Confusion matrix & f1-score

The last modifications of this post were around 4 years ago, some information may be outdated!

On this page

Confusion matrix
Precision & Recall
1. When to use?
2. Precision / Recall curve
F1-Score
1. When to use F1-Score?
2. How to choose f1-score value?
Accuracy / Specificity
1. When to use?
The ROC Curve
1. The AUC
Confusion Matrix & F1-Score with Scikit-learn
References

Confusion matrix

	actual (yes)	actual (no)
predict (yes)	TP	FP
predict (no)	FN	TN

True Positive (TP): what we predict Positive is really Positive.
True Negative (FN): what we predict Negative is really Negative.
False Negative (FN): what we predict Negative is actually Positive.
False Positive (FP): what we predict Positive is actually Negative.

This guy is pregnant?

How to remember?

True/False indicates what we predicted is right/wrong.
Positive/Negative is what we predicted (yes or no).

Type I / Type II errors

FP = Type I error = rejection of true null hypothesis = negative results are predicted wrongly = what we predict positive is actually negative.
FN = Type II error = non-rejection of a false null hypothesis = positive results are predicted wrongly = what we predict negative are actually positive.

Why CM is important?

Give a general view about our model, "is it really good?" thanks to precision and recall!

Precision & Recall

	actual (yes)	actual (no)
predict (yes)	TP	FP	Precision
predict (no)	FN	TN
	Recall

Precision: How many of our positive predictions are really true? (Check the accuracy of our positive predictions).
$\mathrm {precision}= \dfrac{\mathrm{true\, positive}}{\mathrm{positively\, predicted\, results}}= \dfrac{\mathrm{TP}}{\mathrm{TP} + \mathrm{FP}}.$
Recall: How many of positive results belong to our predictions? (Do we miss some negative predictions?)
$\mathrm {recall}= \dfrac{\mathrm{true\, positive}}{\mathrm{positively\, actual\, results}}= \dfrac{\mathrm{TP}}{\mathrm{TP} + \mathrm{FN}}.$

An example of using confusion matrix
Recognizing number 5. Figure taken from this book.

When to use?

Precision is importantly used when the "wrongly predicted yes" (FP) influences much (e.g. This email is spam? -- results yes but actually no and we lost important emails!).
Recall (Sensitivity) is importantly used when the "wrongly predicted no" (FN) influences much (e.g. In the banking industry, this transaction is fraudulent? -- results no but actually yes and we lost money!).

Precision / Recall curve

With thresholds, we can use precision_recall_curve() to compute precision and recall for all possible thresholds,

An example of Precision/Recall curve with many thresholds. Figure taken from this book.
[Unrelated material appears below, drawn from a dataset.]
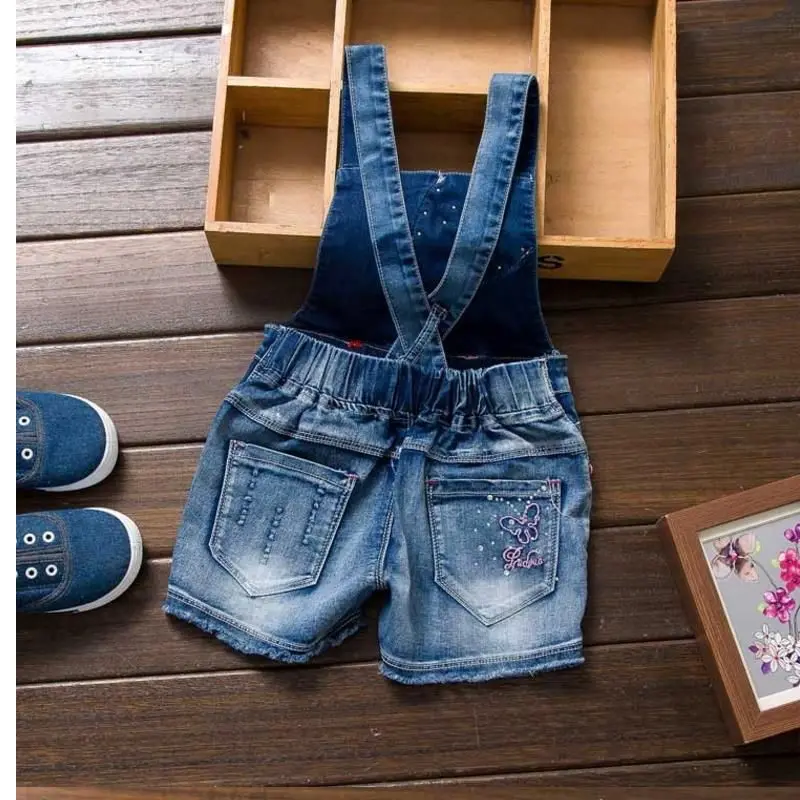 20223 SPRING Summer US Style Girl Jumpsuit Cute Sweet Fashion Washed Jeans Denim Romper Jumpsuits Straps Short Pants Cowboy Blue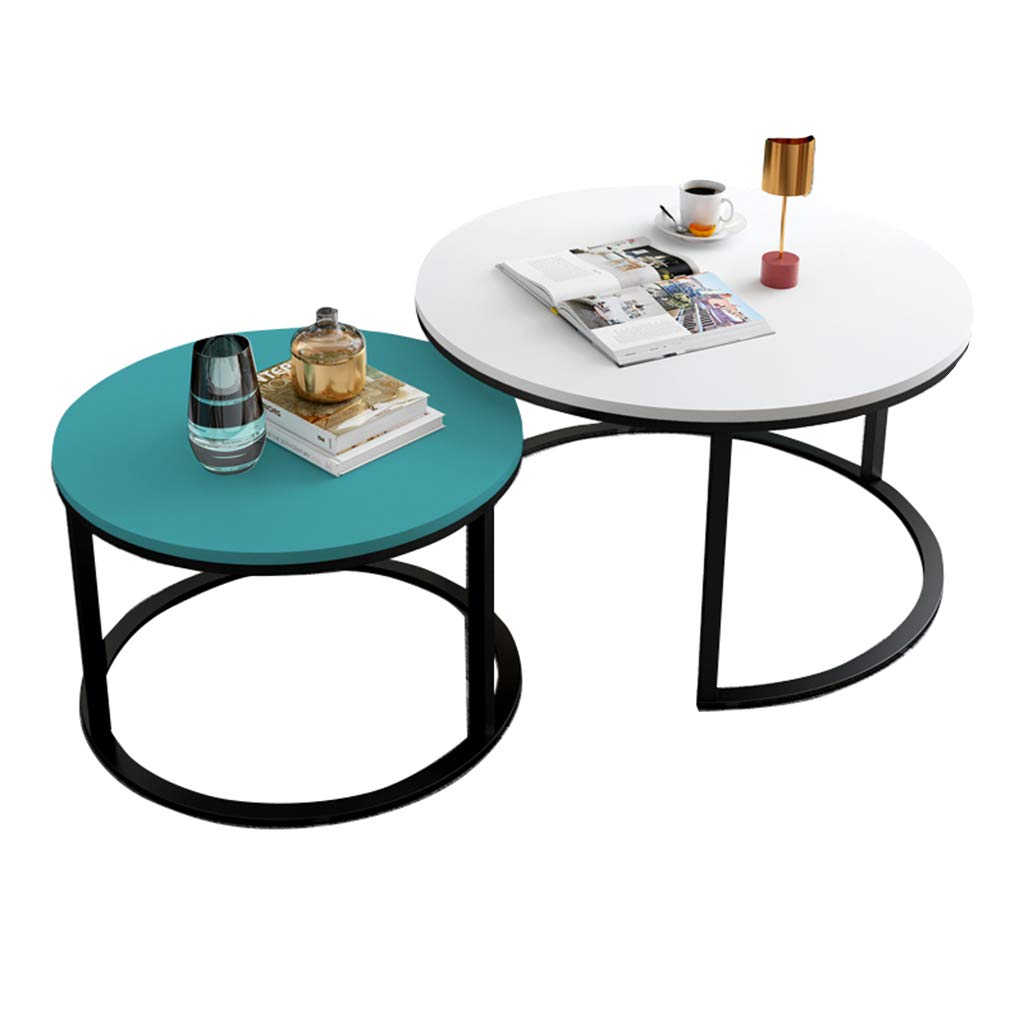 Set of 2 Modern Nest of Tables Nesting Coffee Table Round Sofa Side End Table Living Room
Trace-off: Higher precision, lower recall and vice versa.

from sklearn.metrics import precision_recall_curve
precisions, recalls, thresholds = precision_recall_curve(y_train_5, y_scores)

plt.plot(thresholds, precisions[:-1], "b--", label="Precision")
plt.plot(thresholds, recalls[:-1], "g-", label="Recall")
plt.show()

F1-Score

High precision and low recall or vice versa? F1-Score gives us a balance between precision and recall.

f_1 = \left({\frac {\mathrm {recall} ^{-1}+\mathrm {precision} ^{-1}}{2}}\right)^{-1}=2\times {\frac {\mathrm {precision} \cdot \mathrm {recall} }{\mathrm {precision} +\mathrm {recall} }}.

F1-score depends on how we label the class "positive". This email is spam? is very different from This email is not spam?

When to use F1-Score?

When you need a balance between precision and recall.
When we have a "skewed class" problem (uneven class distribution, too many "yes" and very few "no", for example).
One of precision and recall is improved but the other changes too much, then f1-score will be very small!

How to choose f1-score value?

Normally, $f_1\in (0,1]$ and it gets the higher values, the better our model is.

The best one ( $f_1=1$ ), both precision and recall get $100\%$ .
One of precision and recall gets very small value (close to 0), $f_1$ is very small, our model is not good!

What if we prefer one of precision and recall than the other? We consider $f_{\beta}$ ^[ref]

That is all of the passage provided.